CHAPTER 5 - Spreading Out

My timing had been perfect. The weather had begun warming up after the riveting on the horizontal stabilizer was done. I went to the University's surplus furniture warehouse and procured a sturdy library table. Once it was installed on the patio, I had a place to put the stabilizer while I finished the edges.

It was still plenty cold, but I could stand working outside for short periods. Removing the stabilizer from the jig, I placed it on the table and attacked it with the squeezer. Surprise! Some of the rivets around the hinge brackets could not be reached. Well, I waited for the weekend and spent about twenty minutes with the compressor and gun outside. No neighbors complained, even though the noise would have been audible through their patio doors and bedroom windows.

In the photo, you can see the finished stabilizer - no mistakes visible from this distance. That's a beer keg to the right of the table; brewing is another hobby of mine. Just in front of the keg is a desk dolly. The red frame slips under a desk then lifts it up by the file drawers. If a desk has drawers on both sides, a single dolly can often lift both sides. Otherwise, a dolly on both sides will usually work. Once locked in the up position, a desk can be easily rolled around. I've used it for motorcycle maintenance, and found that it works great for moving large, heavy boxes. Gee, airplane kits come in boxes like that, don't they?

The cat's name is Lunch (as in "out to lunch") and he seem to approve of my efforts. When I rivet, he disappears, but otherwise hangs around and rolls in aluminum dust as often as I work on the kit. Both he and my other cat, Jin, love the jig; it makes a great scratching post and has wonderful high spots to sleep on.

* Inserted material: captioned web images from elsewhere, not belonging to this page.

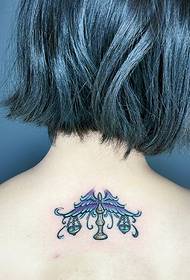 meitene muguras līdzsvara skalas tetovējums attēls ir ļoti radošs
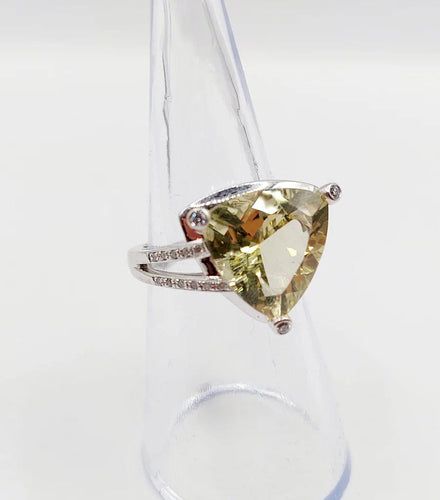 Bague 50 Mauboussin - Bague « Mes couleurs à toi » en or blanc citrine et diamants 58 Facettes A06276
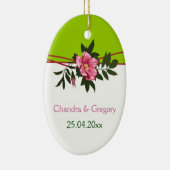 Wilde roze roos bloemige trouw lime groene aandenk keramisch ornament (Rechts)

Once the riveting was done, the assembly was stashed behind a couch. In an effort to be as invisible as possible, I became quite adept at hiding stuff in the apartment. The main kit box fit neatly beneath the bed, the other box hid in an apartment, and various surfaces were stashed around the apartment as they were finished. Even the jig, when disassembled, went behind the refrigerator. I don't take up much room, but it is hard to move around the apartment without finding an airplane part, these days.